From its humble beginnings, accessibility on iOS has transformed into a tentpole feature set that includes tech like Assistive Touch, hearing accommodations, Audio Selections, Dictation, Sound Recognition and more. The latest iPhone 12 Pro adds LiDAR into the mix for People Detection.
Herrlinger, Apple's Apple's Senior Director of Global Accessibility Policy & Initiatives, says the accessibility team is now brought in early on a variety of projects.
"We actually get brought in really early on these projects," she said. "I think as other teams are thinking about their use cases, maybe for a broader public, they're talking to us about the types of things that they're doing so we can start imagining what we might be able to do with them from an accessibility perspective."
Recent features, such as VoiceOver Recognition and Screen Recognition, lean on cutting edge innovations related to machine learning.
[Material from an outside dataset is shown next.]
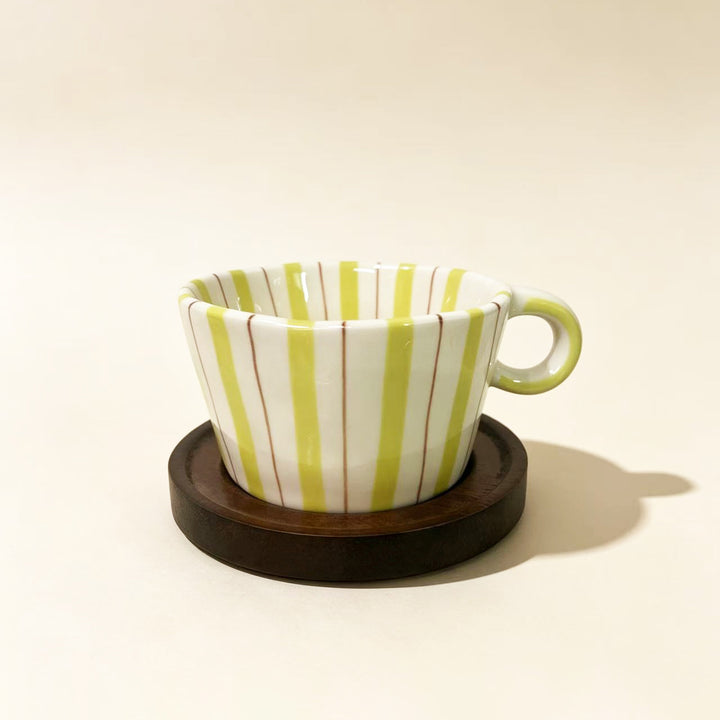 Ceramic espresso cup with round wooden coaster and handcrafted stripe pattern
The latest iOS devices incorporate A-series chips with Apple's Neural Engine, a dedicated neural networking module designed specifically for ML computations.
VoiceOver Recognition is an example of new ML-based functionality. With the tool, iOS can not only describe content displayed screen, but do so with context. For example, instead of saying a scene includes a "dog, pool and ball," VoiceOver Recognition is able to intelligently parse those subjects into a "dog jumping over a pool to fetch a ball."
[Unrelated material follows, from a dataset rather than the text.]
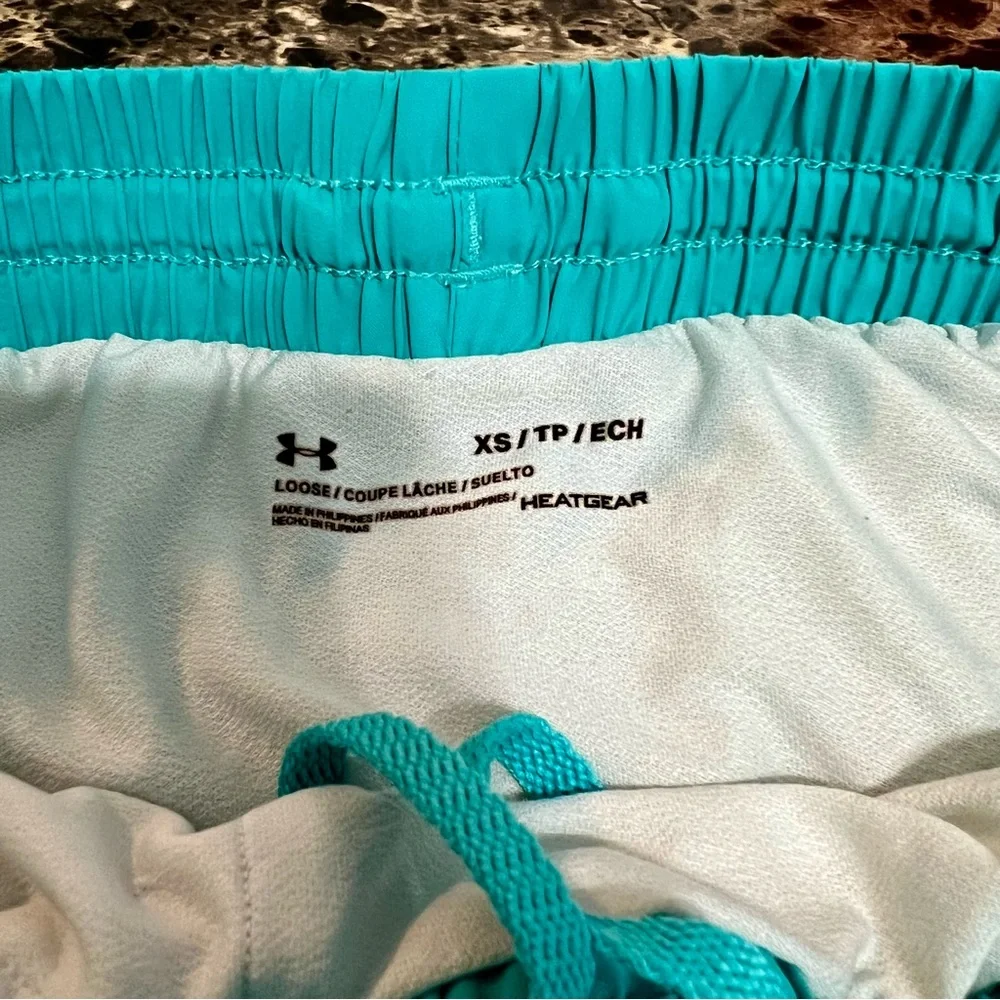 Under Armor Ladies Running Shorts w/inside. Vented‎ sides for airflow. Size-XS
Apple is just scratching the surface with ML. As noted by Panzarino, a recently published video shows off software that apparently takes VoiceOver Recognition and applies it to iPhone's Camera to offer a description of the world in near real time. The experiment illustrates what might be available to iOS users in the coming years.
"We want to keep building out more and more features, and making those features work together," Herrlinger said. "So whatever is the combination that you need to be more effective using your device, that's our goal."
The entire interview was uploaded to YouTube and can be viewed below:
2 Comments
This is cool, but as a VoiceOver user I find the ML-based recognition stuff to be more of a proof of concept. While the image description is neat, it's incredibly distracting to hear all the time and there's no way to completely disable it. Even if you disable the more detailed image recognition, VoiceOver reverts to its behavior from iOS13, so when browsing albums in Apple Music for instance, it'll just say something like "adult, sign" when trying to describe an album cover. Not very helpful. I want a way to only hear those descriptions on demand, perhaps with a custom gesture. Image descriptions generated by machine learning are a long way from replacing a good one described by a real person.
VoiceOver really ought to be tried out by Fleizach himself before release. When you get a phone menu "press 1 for..." VoiceOver continues to speak out making me not hearing the phone menu options; it simply continues to talk. Infuriating experience.